2009 Surveys

Absher Construction Co.

Specialty: General contractor/construction manager and design-build; education; public housing; ecumenical; commercial/office; military/defense

Management: Dan Absher, president; Tom Absher, executive vice president; Greg Helle, Brad Sayre and Clark Helle, vice presidents

Founded: 1940

Headquarters: Puyallup, with an office in downtown Seattle

2008 revenues: $240 million

Projected 2009 revenues: $250 million

Current projects: $70.9 million Navy bachelor enlisted quarters and parking garage in Bremerton; $62.1 million Denny Middle School/Chief Sealth High School; $22.5 million Pacific Plaza renovation of a downtown Tacoma parking garage into 257,000 square feet of office space and expanded parkingurth Avenue; Nakamura Courthouse; the Joshua Green Building; Pier Bravo at the Bremerton Naval Station; John Wayne Airport parking garage deconstruction in Orange County, Calif.

 

Image by BLRB Architects
Absher Construction is the general contractor for Pacific Plaza, a $22.5 million project that will turn a downtown Tacoma parking garage into 257,000 square feet of office space and parking.

Puyallup-based Absher Construction Co. sees potential in Hawaii and Guam.

The third-generation, family-owned business will start construction in April on two 100-resident, five-story barracks and adjacent support buildings at the Schofield Barracks complex in Honolulu for the U.S. Army Corps of Engineers. Tetra Tech is the architect on the $73 million design-build project, which will be constructed to LEED silver standards. Sean Lewis, Absher's director of marketing and communications, said his firm's market research shows the military is planning barracks and other facilities in Hawaii and Guam in "the coming four to six years or more."

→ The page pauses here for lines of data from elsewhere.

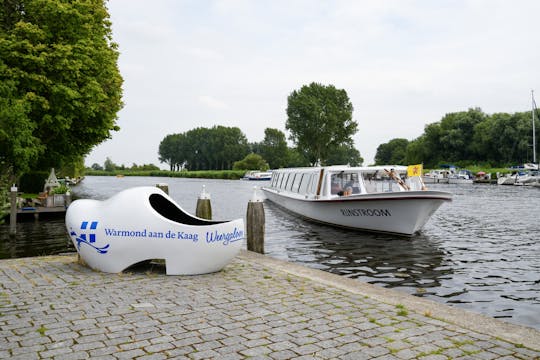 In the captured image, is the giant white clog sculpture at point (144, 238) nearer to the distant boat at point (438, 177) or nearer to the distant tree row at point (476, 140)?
the distant boat at point (438, 177)

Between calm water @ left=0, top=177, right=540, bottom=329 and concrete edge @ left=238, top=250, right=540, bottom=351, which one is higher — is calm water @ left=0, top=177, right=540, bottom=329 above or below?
below

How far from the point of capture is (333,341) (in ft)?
15.8

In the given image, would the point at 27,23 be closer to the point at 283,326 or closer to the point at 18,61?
the point at 18,61

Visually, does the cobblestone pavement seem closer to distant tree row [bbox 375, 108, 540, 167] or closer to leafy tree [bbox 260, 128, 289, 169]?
distant tree row [bbox 375, 108, 540, 167]

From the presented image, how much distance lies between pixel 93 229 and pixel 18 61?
15.8 meters

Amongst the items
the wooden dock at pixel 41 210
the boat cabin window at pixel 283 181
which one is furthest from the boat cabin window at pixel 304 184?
the wooden dock at pixel 41 210

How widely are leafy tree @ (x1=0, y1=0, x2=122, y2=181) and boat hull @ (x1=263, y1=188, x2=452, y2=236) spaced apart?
470 inches

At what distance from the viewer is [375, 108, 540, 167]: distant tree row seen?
246 feet

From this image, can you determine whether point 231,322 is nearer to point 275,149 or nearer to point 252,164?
point 252,164

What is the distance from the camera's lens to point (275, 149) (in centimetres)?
14450

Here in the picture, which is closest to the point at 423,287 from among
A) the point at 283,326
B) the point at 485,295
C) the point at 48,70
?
the point at 485,295

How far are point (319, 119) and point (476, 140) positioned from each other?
28.1 metres

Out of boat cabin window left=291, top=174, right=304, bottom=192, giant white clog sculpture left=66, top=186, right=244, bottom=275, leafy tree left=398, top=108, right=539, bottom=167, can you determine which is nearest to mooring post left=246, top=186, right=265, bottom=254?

"(There is) a lot of work coming out of there that we haven't seen in recent years," he said. "It's not just a project or two, there's a number of jobs coming up in both places." Absher is pursuing a Navy bachelor enlisted quarters in Guam and intends to go after other projects, he said.

More than military

Besides the military work, Absher builds public schools and housing. It also constructs office, condo, retail and mixed-use buildings, private schools and facilities for religious organizations.

The firm is seeing intense competition on public projects, with private-sector work having fallen off due to the recession. There were about 10 bidders on the Spanaway Lake High School and Issaquah High School projects it recently bid, Lewis said. That's more bidders than in recent years when some local school districts had to place ads to solicit contractors, he said.

As the recession thaws, Lewis said he expects to see resumption of on-hold projects if the developers can get financing.

BIM's "huge" impact

In the future, Lewis said he expects building information modeling to have a "huge" impact on the construction industry. The software allows companies to model buildings on a computer and can lead to big savings, largely because it detects design flaws that can then be worked out before construction, he said.

"You can see where stuff isn't going to work together, (such as) this duct work isn't going to work (because) there's a wall there," he said.

But the software is expensive, staff must be trained to use it, and the proper hardware is needed, he said. Contracting and architecture firms that can afford it will have an advantage over those that can't, he said. "It's not something that the average little mom-and-pop contractor can do," he said.

The recession is making it easier for Absher to snag skilled employees. College construction management students who in the past few years have been assured of jobs no longer are -- and they are competing with recently laid off workers, Lewis said.

"It's a different world this year," he said.